If there ever was a chance of piping the usual suspects off their perch it was this year with all three of them having patchy forms, far from their usual best and dropping too many points, but nobody else ever had a chance, none came even close enough. Should Spurs and City be congratulated for finishing where they did? No way! They both have spent over 150 million quid to strengthen their squads and yet never even came close to a challenge for the title.
Why would a team like Aston Villa be happy to finish sixth after their loyal owner injected over 138 million pound in the squad? Why has City with all their new found riches came close to challenge for the title? Why did Liverpool not surmount a sustainable challenge? It’s all really baffling.
How much more money would it take for someone to at least come within a point or two of the title?
Perhaps the problem is with the new generation that has grown up with that being the norm. The same teams winning the trophy year after year, the same teams challenging for the title year after year. So much so that it has become an institutionalized mentality.
In the same period just across the border in France and Germany 7 different teams have won the league while in Italy and Spain the trophy has rotated among 5 different teams, though the constriction is not just confined to the Ol’ Blighty it is much worse here. But more importantly and even more so refreshingly the trend is changing, at least in some countries.
Last year an un-fancied FC Twente won the Dutch Eredivise under the tutelage of Steve Mclaren, which is just like Sunderland or Birmingham winning the Premier League. In Germany a season ago Wolfsburg claimed a shock Bundes Liga title and this year only in France Marseille won the league for the first time since 1992.
It is not that the fate of the title is as predictable as sunrise: it’s that the challengers follow the same trend.
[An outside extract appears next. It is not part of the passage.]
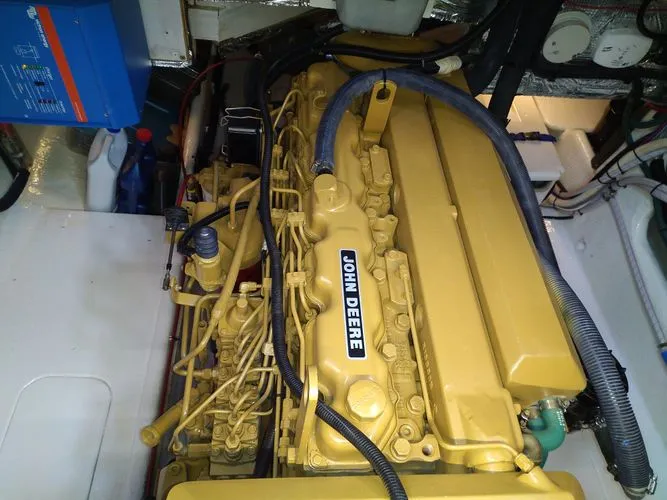 Endurance Yacht Photos Pics 2000 Pacific Trawler 40 - Image 21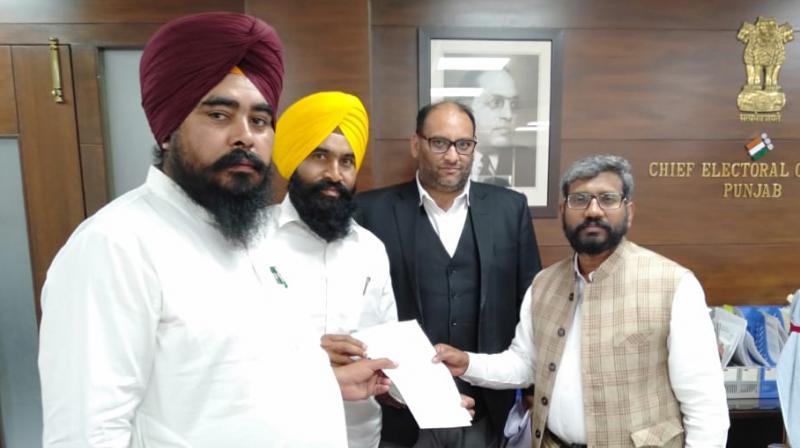 AAP leaders Complaint against Ropar DC AAP leaders Complaint against Ropar DC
In 1980s only Villa, Liverpool and Arsenal won the league but if you look at the teams that finished second and third you see it for yourself. Nottingham Forest, Ipswich, Villa, Southampton, Everton, Man Utd, Spurs, Liverpool, Watford, Arsenal, and West Ham were those teams that qualified for Europe in the 80s and the mix is quite diverse.
Since Blackburn won the league back in 1995 the teams finishing in the top has been United, Chelsea, Liverpool and Arsenal for three times, Newcastle and Leeds just once. That is 45 positions over a span of 15 years and only 6 teams. Is that worthy of being called a competition? To me it seems like it’s getting lesser of a competition with every passing year and becoming more like a cartel.